Tablicę z nazwą marszu niósł starszy szeregowy POW Kamil Dobrzyński. - Przyjechałem z Ełku, maszeruję już po raz trzeci - zaznaczył.
Maszerujących odprowadzał znany krakowski globtroter Władysław Grodecki. - Tym razem do Kielc już nie dotrę, ale szedłem wraz z Kadrówką 11. razy - wspomniał podróżnik.
Wśród odprowadzających byli również państwo Ogniewscy z dziećmi. - Żołnierzem I Kompanii Kadrowej był mój dziadek Kasper Ogniewski, ps. „Henryk Osiński”. Gdy dzieci dorosną, będziemy chcieli pójść wraz z nimi w marszu - zapowiedział Wojciech Ogniewski.
Już po raz 35. w marszu bierze udział Przemysław Jerzy Witek, przewodniczący kapituły odznaki marszowej. - Jestem wzruszony, że znów mogę maszerować i obserwować marszową sztafetę pokoleń. W tym roku nie mieliśmy żadnych dotacji i wszystkie koszty pokrywamy ze składek uczestników - wyjaśnił.

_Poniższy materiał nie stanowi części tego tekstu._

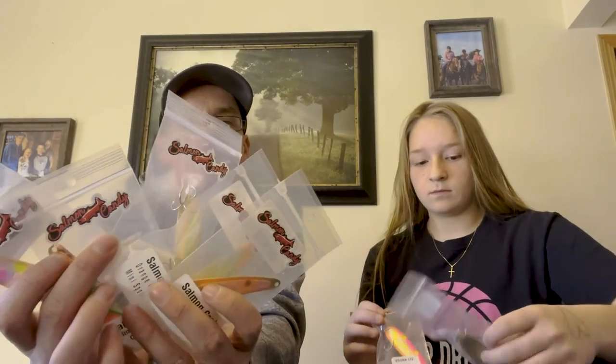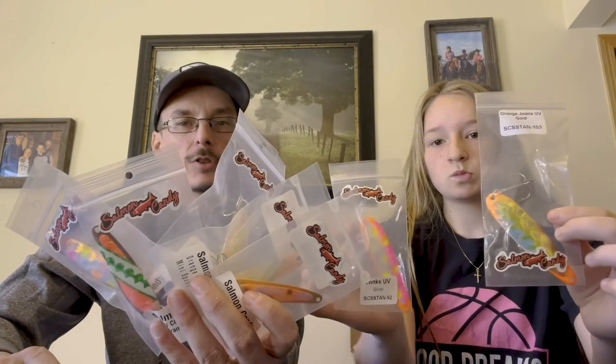Thanks for this clip, Lily — we'll have a few more of Lily's favorites coming. To recap: Lily's top seven must-have steelhead and Koho spoons for 2023. She had five minis and two standards. Get those and be ready for the Koho season, which is coming quick, and steelhead season. If you want to pick any of these up, go to SalmonCandyFishing.com. Have yourself a great day and good luck fishing.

Po raz 32. szedł w nim także Andrzej Fischer z Krakowa, wicekomendant marszu, członek Komitetu Opieki nad Kopcem Józefa Piłsudskiego. Jerzego Bożyka, znanego krakowskiego wokalisty, wykonawcy piosenek jazzowych i patriotycznych, przed wyruszeniem na trasę marszu nie powstrzymały nawet kalectwo i wózek inwalidzki. - Idę, a raczej jadę już po raz 17. - powiedział muzyk.